UW grad takes photographs for National Geographic
EVE NEWMAN,Laramie Boomerang

• LARAMIE, Wyo. (AP) -- If photographer and University of Wyoming graduate Joe Riis spends a month working on a photo assignment and walks away with one good picture, he'll call it a success.
• Considering that one recent assignment was a feature for National Geographic magazine on the Gobi bear -- there are only about 30 left in the wild -- getting any good pictures might be considered a success.
• To snag pictures of the elusive mammal, Riis traveled to Mongolia and set up camera traps, which he left for up to six months at a time. An infrared beam triggers the camera when it's disturbed, allowing the South Dakota native to get up-close images of wildlife in their natural habitat.
• Riis perfected the technique while photographing the pronghorn migration in Wyoming, and now the photographer has traveled the world capturing images of some of the rarest animals on earth.
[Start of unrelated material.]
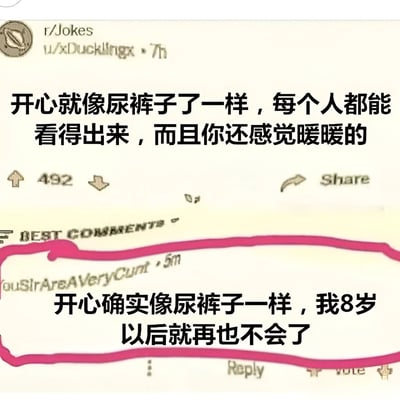 这是一张Reddit论坛r/Jokes板块的帖子截图。主帖由用户u/xDucklinggx发布，内容用幽默的比喻将“开心”形容为“尿裤子”，称“每个人都能看得出来，而且你还感觉暖暖的”，帖子获得了492个赞。下方有一条被粉色边框高亮的热门评论，用户ouSirAreAVeryCunt回复“开心确实像尿裤子一样，我8岁以后就再也不会了”，用童真视角的消失制造了扎心又好笑的反差效果。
• "I'm fine with spending a month or two and ending up with one or two really nice pictures rather than a whole bunch of stuff that's not printable," he said.
• Riis, 28, was studying wildlife management at UW when he picked up a camera and started taking photographs. He took one introductory photography class, spent two summers taking pictures, and then jumped into photography full-time when he graduated in 2008.
• "It's what I wanted to do. I didn't want to get a regular job. I just decided to see what I could do, see if I could try to make it work," he tells the Laramie Boomerang (http://bit.ly/TuHRHM).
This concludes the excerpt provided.